- **TASK DESCRIPTION**
Only the lines from the one bearing "Antique Hooks, 6" through the end of the listing belong in your response, restated word for word and without pictures.

- **EXTRACTED RECORDS**
....

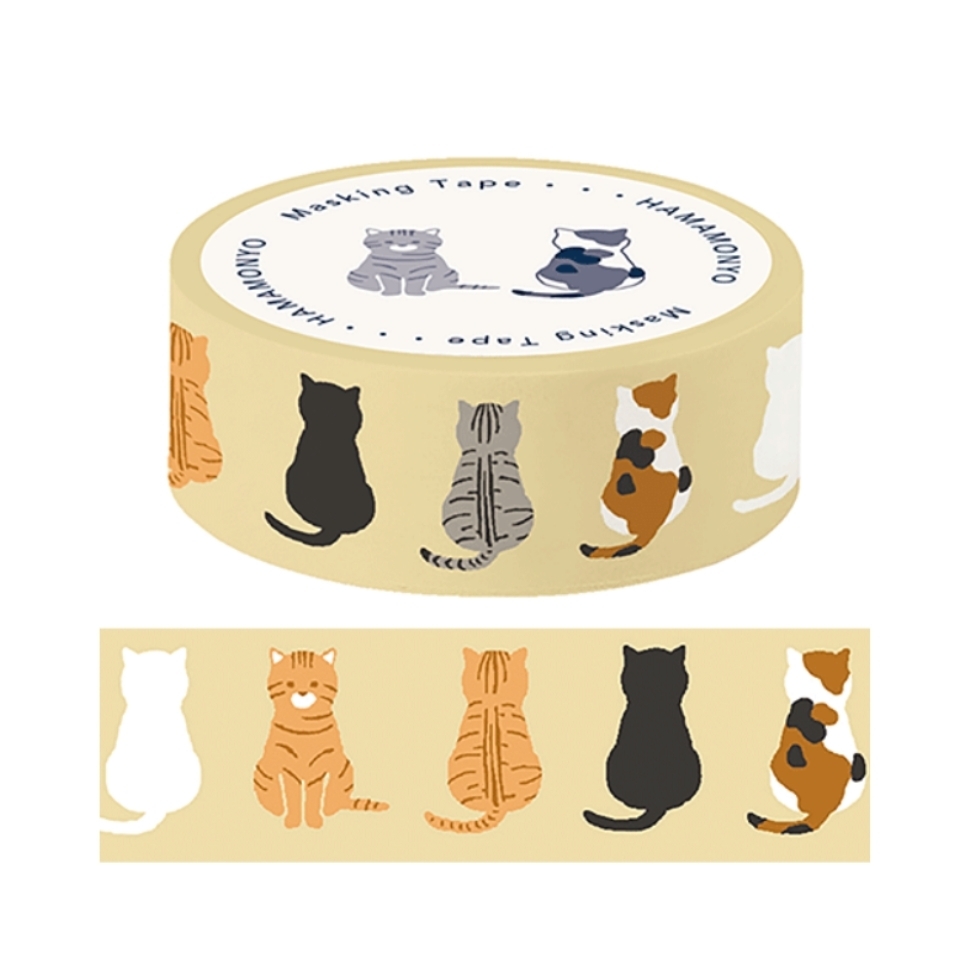 マスキングテープ 濱文様 おすわり猫ならべ 紙テープ マステ 和紙テープ 15mm x 5m拍卖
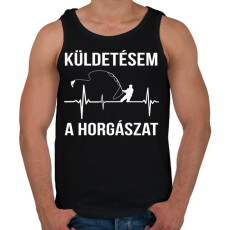 PRINTFASHION Küldetésem a horgászat - Férfi atléta - Fekete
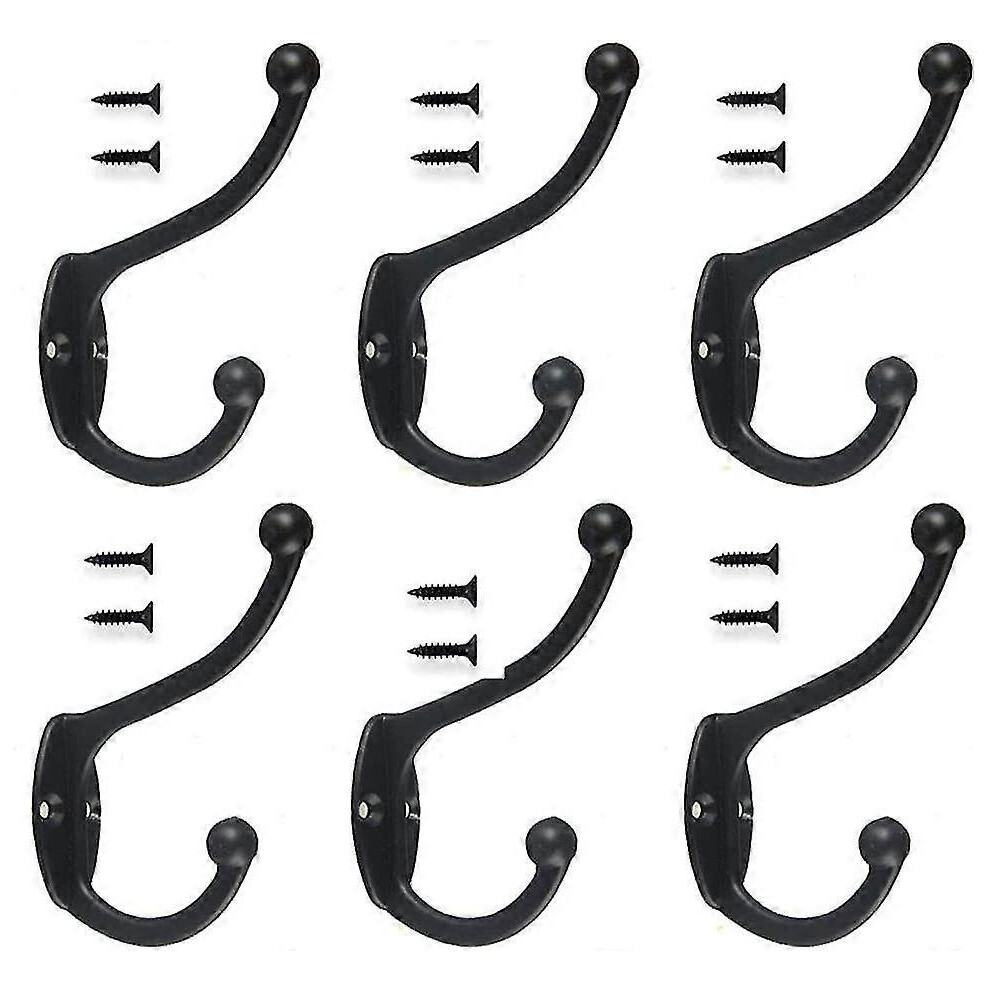 Antique Hooks, 6 Pieces Retro Coat Hooks, Vintage Hooks, Towel Hooks Clothes Hooks Hat Hooks For Bathroom Kitchen Coat Hooks (Black) 4777129351936
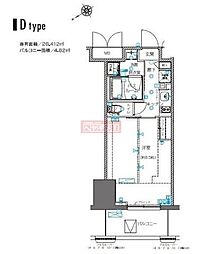 ZOOM川崎EAST 1Kの間取図画像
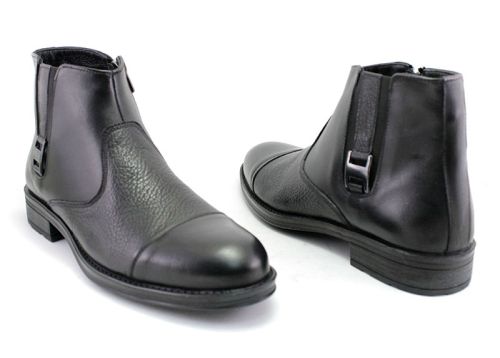 Cizme formale barbatesti de culoare neagra, model Dallas.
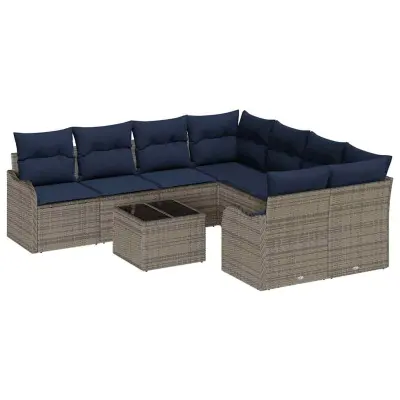 vidaXL Vrtna sedežna garnitura 9 pcs Siva 55 x 55 x 37 cm Poly ratan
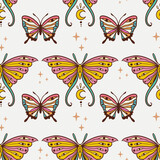 Butterfly hippie retro. Vector pattern. Flower Power drawing. Animal nature in Zen boho style. 70s 60s Summer Groovy
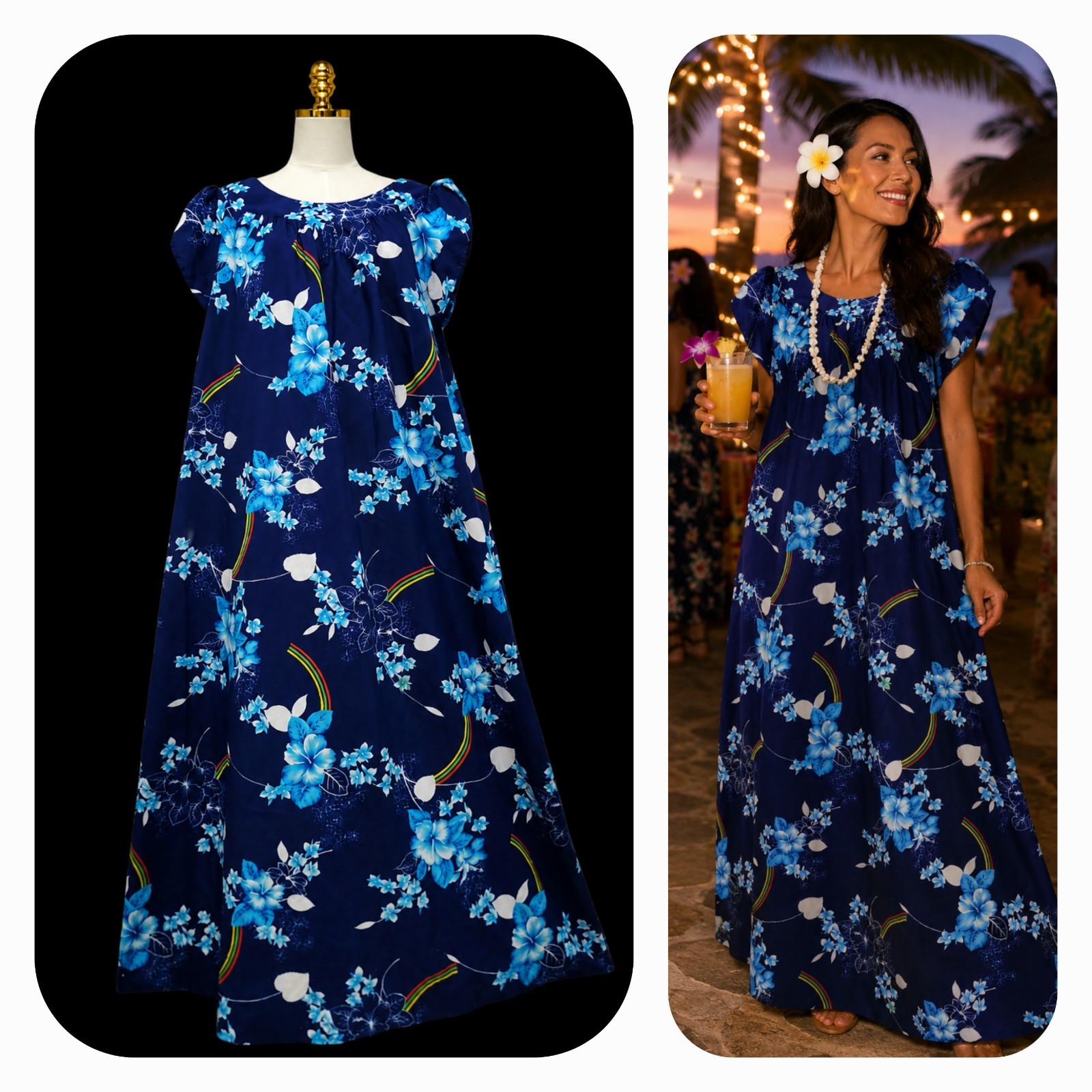 VTG Hukilau Fashions Hawaii Blue Floral Rainbow Muumuu Maxi Dress Made in Hawaii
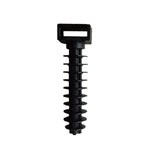 Taco de nylon negro para bridas con diseño dentado para anclaje en pared de 6mm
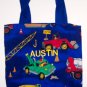 PERSONALIZED tote school book bag CONSTRUCTION TRUCKS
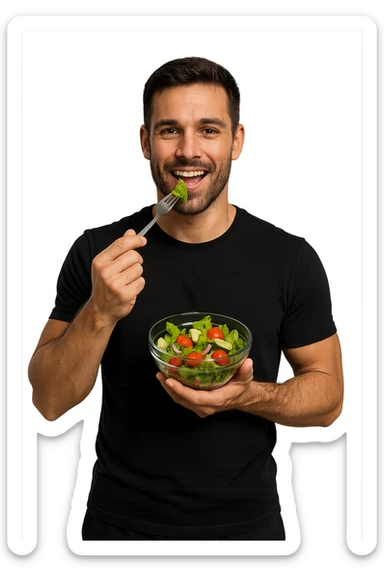 UOMO FITNESS CHE MANGIA INSALATA IN POSA FRONTALE sticker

....

- **RESULT FOR THIS TASK**
 Antique Hooks, 6 Pieces Retro Coat Hooks, Vintage Hooks, Towel Hooks Clothes Hooks Hat Hooks For Bathroom Kitchen Coat Hooks (Black) 4777129351936
 ZOOM川崎EAST 1Kの間取図画像
 Cizme formale barbatesti de culoare neagra, model Dallas.
 vidaXL Vrtna sedežna garnitura 9 pcs Siva 55 x 55 x 37 cm Poly ratan
 Butterfly hippie retro. Vector pattern. Flower Power drawing. Animal nature in Zen boho style. 70s 60s Summer Groovy
 VTG Hukilau Fashions Hawaii Blue Floral Rainbow Muumuu Maxi Dress Made in Hawaii
 Taco de nylon negro para bridas con diseño dentado para anclaje en pared de 6mm
 PERSONALIZED tote school book bag CONSTRUCTION TRUCKS
 UOMO FITNESS CHE MANGIA INSALATA IN POSA FRONTALE sticker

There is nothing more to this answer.